Praise the Lamb who was slain!
He is risen! He is risen, indeed!
What’s so equally incredible and unquestionably praiseworthy is that from this sacrifice—this humble, selfless death—is entrusted to each child of God the very same Spirit that raised Jesus from the dead. In Romans 8, one of the most foundational and glorious chapters in all the New Testament, the Apostle Paul clearly declares this a reality.
Likewise, in the opening of Paul's letter to the church at Ephesus, he stresses this as well, referring to Christ's indwelling Spirit as "his incomparably great power for us who believe. . . the same as the mighty strength he exerted when he raised Christ from the dead and seated him. . .in the heavenly realms. . ." (1:19-20).
Pause for a moment and consider the magnitude of Paul's words.
If you are a born-again child of God, Jesus Christ’s resurrection power dwells within you. And it dwells within me. Through the person of the Holy Spirit, the same power that brought our Savior from the tomb is inside every true believer. What an inconceivable, blessed reality is ours!
However, without personal sacrifice and submission—yes, the purposeful crucifixion of self, putting fleshly perspective and desires and strength of will to death—there is no experiential proof of Christ’s resurrection power. To put it in straightforward terms: We cannot live as we want, indifferent to obedience of the Word and oneness with our Father, and expect the Holy Spirit's mighty power to be exerted in our daily lives.
But, glory to God, once we resolve ourselves to death, modeling Jesus as we earnestly look to the Father for heavenly perspective and aid, this "mighty strength" is exerted within our mortal bodies.
It's a spiritual wonder that's no less miraculous than Christ's resurrection from the grave, as the Spirit's resurrecting power enables us to live victoriously.
While He was with them, Jesus told His disciples that until “a grain of wheat falls into the earth and dies, it remains a single grain of wheat” (John 12:24). Likewise, unless we, His beloved followers, personally choose death in areas where life is not evident, we will not fully know the power of Christ’s resurrection at work in this fallen and imperfect world, in these fallen and imperfect bodies.
Yet, so often, when it comes to our personal lives and experiences, many of us long for, pray for, make an appealing and convincing case for the miracle of the resurrection. But. . . just without the heavy, humble reality of personal death. Because no matter how badly we desire, no matter how greatly we need the miraculous, we just cannot bring ourselves to crucify our flesh, crucify our will.
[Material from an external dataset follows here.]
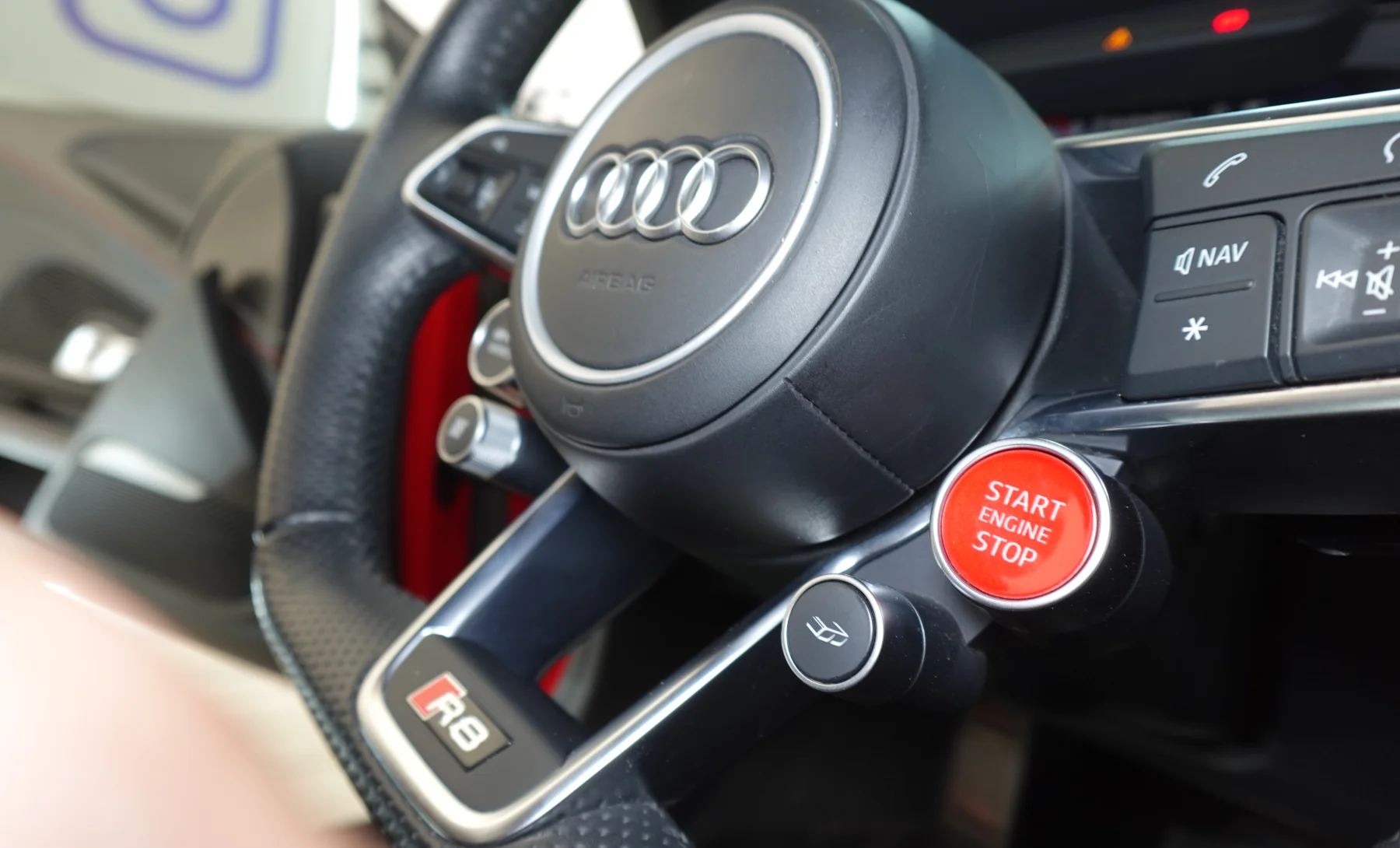 Audi R8 Plus 2017 — interior 3 de 10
We’re just not willing enough to lay it all on the line, to surrender it all on the altar. To deny ourselves, take up our cross, and follow His lead (Matthew 16:24-26).
Just not willing enough, even in our own Gethsemane, to submissively and firmly resolve ourselves like our Lord and Master did to “Nevertheless, not my will but thine be done” (Luke 22:42).
The bottom line?
We want the hallelujah of the resurrection without the humility and heaviness of Calvary.
However, Jesus’ model, displayed in all four Gospels, clearly testifies that it doesn’t happen this way. It just doesn’t.
First and foremost, there’s a cross.
Humility. Intimacy. Oneness. Submission. Death.
A collective indication of an overarching desire for God’s heavenly purposes, not just earthly will, pleasures, comfort, or gain.
In this, Satan’s dominion—darkness and death—is defeated.
Light and life usher forth.
And just as it was with the Son, the Father is glorified in our lives as we sojourn this earthly plain.
As He should be.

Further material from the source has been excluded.